Before we go any further, tibbles are data frames, but they have some new bells and whistles to make your life easier.
How tibbles differ from data.frame
There are a number of differences between tibbles and data.frames. To see a full vignette about tibbles and how they differ from data.frame, you'll want to execute vignette('tibble')
and read through that vignette. However, we'll summarize some of the most important points here:
- Input type remains unchanged - data.frame is notorious for treating strings as factors; this will not happen with tibbles
- Variable names remain unchanged - In base R, creating data.frames will remove spaces from names, converting them to periods or add 'x' before numeric column names. Creating tibbles will not change variable (column) names.
- There are no
row.names()
for a tibble - Tidy data requires that variables be stored in a consistent way, removing the need for row names. - Tibbles print first ten rows and columns that fit on one screen - Printing a tibble to screen will never print the entire huge data frame out. By default, it just shows what fits to your screen.
Creating a tibble
The tibble package is part of the tidyverse
and can thus be loaded in (once installed) using:
as_tibble()
Since many packages use the historical data.frame from base R, you'll often find yourself in the situation that you have a data.frame and want to convert that data.frame to a tibble. To do so, the as_tibble()
function is exactly what you're looking for.
For example, the trees
dataset is a data.frame that's available in base R. This dataset stores the diameter, height, and volume for Black Cherry Trees. To convert this data.frame to a tibble you would use the following:
## # A tibble: 31 × 3 ## Girth Height Volume ## <dbl> <dbl> <dbl> ## 1 8.3 70 10.3 ## 2 8.6 65 10.3 ## 3 8.8 63 10.2 ## 4 10.5 72 16.4 ## 5 10.7 81 18.8 ## 6 10.8 83 19.7 ## 7 11 66 15.6 ## 8 11 75 18.2 ## 9 11.1 80 22.6 ## 10 11.2 75 19.9 ## # … with 21 more rows
Note in the above example and as mentioned earlier, that tibbles, by default, only print the first ten rows to screen. If you were to print trees
to screen, all 31 rows would be displayed. When working with large data.frames, this default behavior can be incredibly frustrating. Using tibbles removes this frustration because of the default settings for tibble printing.

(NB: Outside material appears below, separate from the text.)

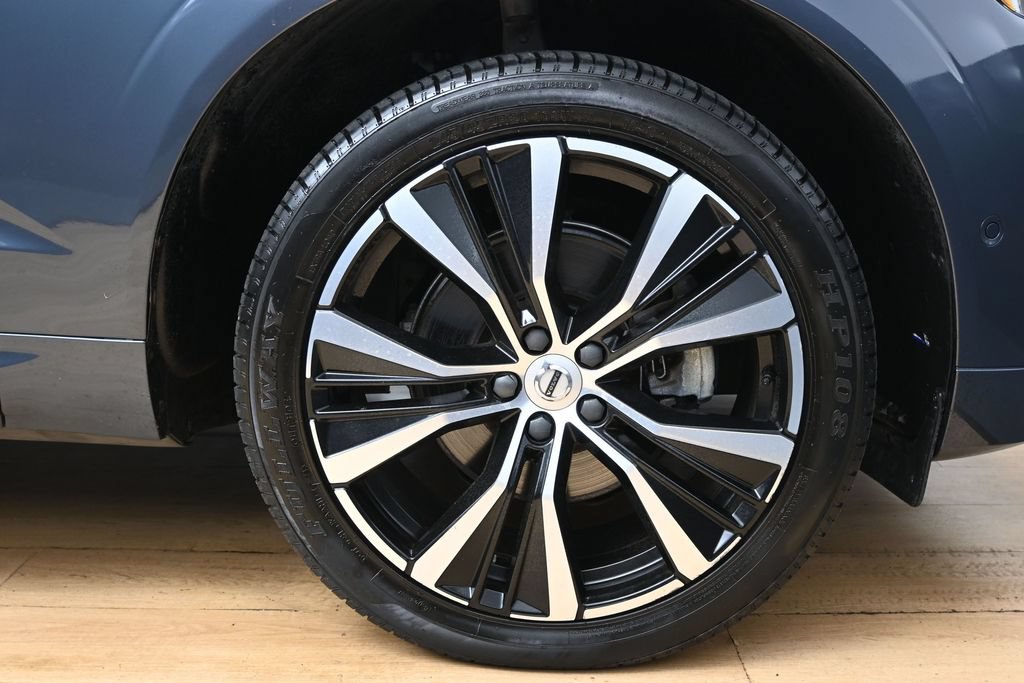 Used 2024 Volvo XC60 B5 Plus w/ Protection Package Premier AWD/4WD image 15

Additionally, you'll note that the type of the variable is printed for each variable in the tibble. This helpful feature is another added bonus of tibbles relative to data.frame.
If you do want to see more rows from the tibble, there are a few options! First, the View()
function in RStudio is incredibly helpful. The input to this function is the data.frame or tibble you'd like to see. Specifically, View(trees)
would provide you, the viewer, with a scrollable view (in a new tab) of the complete dataset.
A second option is the fact that print()
enables you to specify how many rows and columns you'd like to display. Here, we again display the trees
data.frame as a tibble but specify that we'd only like to see 5 rows. The width = Inf
argument specifies that we'd like to see all the possible columns. Here, there are only 3, but for larger datasets, this can be helpful to specify.
as_tibble(trees) %>% print(n = 5, width = Inf)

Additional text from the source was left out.